● **PROBLEM STATEMENT**
Images are to be dropped, and the rest of the data reproduced exactly.

● **DATA EXCERPT**
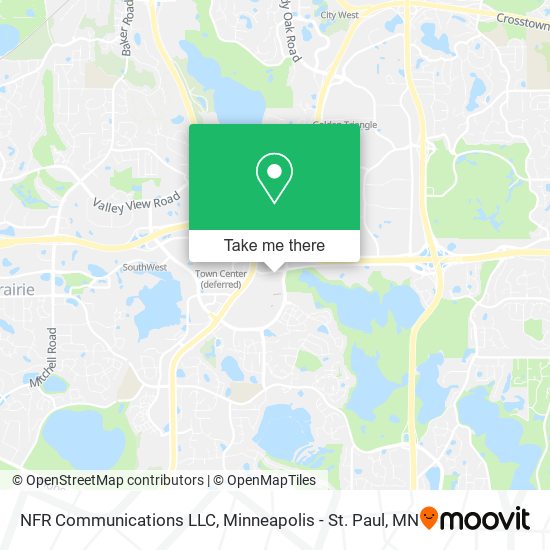 NFR Communications LLC map
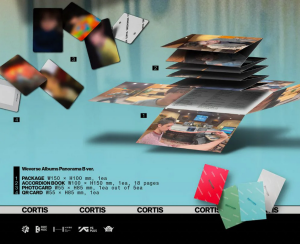 CORTIS - The 2nd EP [GREENGREEN] (Weverse Albums ver.) + Random Logo Sticker (APPLE MUSIC) PRE - ORDER 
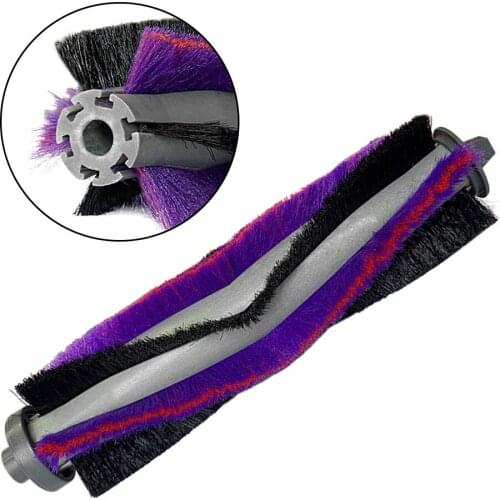1*Roller Brush Plastic+Nylon For Samsung VR05R5050WK Robotic Vacuum Cleaner Parts Accessories High Quality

● **SOLUTION BELOW**
 NFR Communications LLC map
 CORTIS - The 2nd EP [GREENGREEN] (Weverse Albums ver.) + Random Logo Sticker (APPLE MUSIC) PRE - ORDER 
1*Roller Brush Plastic+Nylon For Samsung VR05R5050WK Robotic Vacuum Cleaner Parts Accessories High Quality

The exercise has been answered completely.